Percival Everett is a Distinguished Professor of English at USC. His most recent books include Dr. No (finalist for the NBCC Award for Fiction and winner of the PEN/ Jean Stein Book Award), The Trees (finalist for the Booker Prize and the PEN/Faulkner Award for Fiction), Telephone (finalist for the Pulitzer Prize), So Much Blue, Erasure, and I Am Not Sidney Poitier. He has received the NBCC Ivan Sandrof Life Achievement Award and The Windham Campbell Prize from Yale University. American Fiction, the feature film based on his novel Erasure, was released in 2023 and was awarded the Academy Award for Best Adapted Screenplay.
"We are truly humbled by the tremendous response to this event," said Michael L. Campbell, interim executive director at The Mark Twain House & Museum. “It's a testament to Percival Everett's outstanding work and the enthusiasm behind Mark Twain's enduring legacy. We're excited to provide this unique opportunity for engagement and critical discourse."
The Mark Twain House & Museum began its The Trouble Begins lecture series in 2010. The title of the series comes from the handbill advertising Mark Twain's October 2, 1866 lecture presented at Maguire's Academy of Music in San Francisco, which stated, "Doors open at 7 o'clock. The Trouble to begin at 8 o'clock."
The Trouble Begins lecture series is held each spring and fall with free presentations featuring distinguished scholars who discuss elements of the life, work, and era of Mark Twain and use them to explore wider themes in the humanities and both historical and current issues.
This special Trouble Begins presentation is made possible by Kathleen and David Jimenez's generous sponsorship. Their support allows the museum to expand accessibility to history, education, and Twain's legacy through the presentation of renowned authors, educators, and historians.

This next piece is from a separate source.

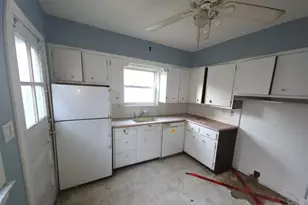 611 Lakeview Ave, Rockville Centre, NY 11570 - Photo 5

Registrants that already purchased admission will have their tickets honored at the Immanuel Congregational Church. Mark Twain House & Museum members will enjoy exclusive access to a member presale beginning on Thursday, May 2, at 10:00 a.m. To become a member, please visit MarkTwainHouse.org/membership/. You will receive log-in information to access the member presale. The general public will have access to admission starting on Monday, May 6, at 10:00 a.m. ET. For further event details and registration for the Trouble Begins with James with author Percival Everett in conversation with Michael Harriot, please visit marktwainhouse.org.
Prior to the lecture, attendees are invited to a Pasta Reception catered by Salute Restaurant at 5:00 p.m. at The Mark Twain House & Museum on 351 Farmington Avenue, Hartford. Food is first-come/first-served. Guests can park at MTH&M for the reception and then walk across the street to Immanuel Congregational Church.

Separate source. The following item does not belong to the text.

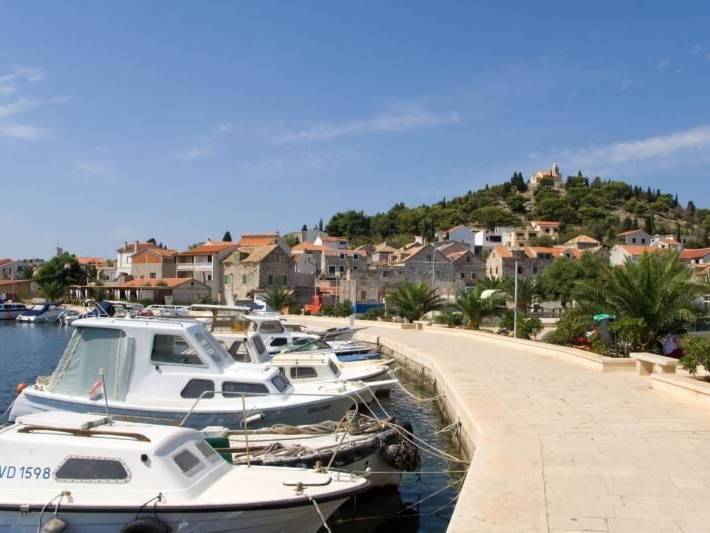 Ganze Wohnung, Mit Balkon in guter Lage in Tribunj, Šibenik-Knin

The Mark Twain House & Museum has restored the author's Hartford, Connecticut, home, where the author and his family lived from 1874 to 1891. Twain wrote his most important works during the years he lived there, including Adventures of Huckleberry Finn, The Adventures of Tom Sawyer, and A Connecticut Yankee in King Arthur's Court.
In addition to providing tours of Twain's restored home, a National Historic Landmark, the institution offers activities and educational programs that illuminate Twain's literary legacy and provide information about his life and times.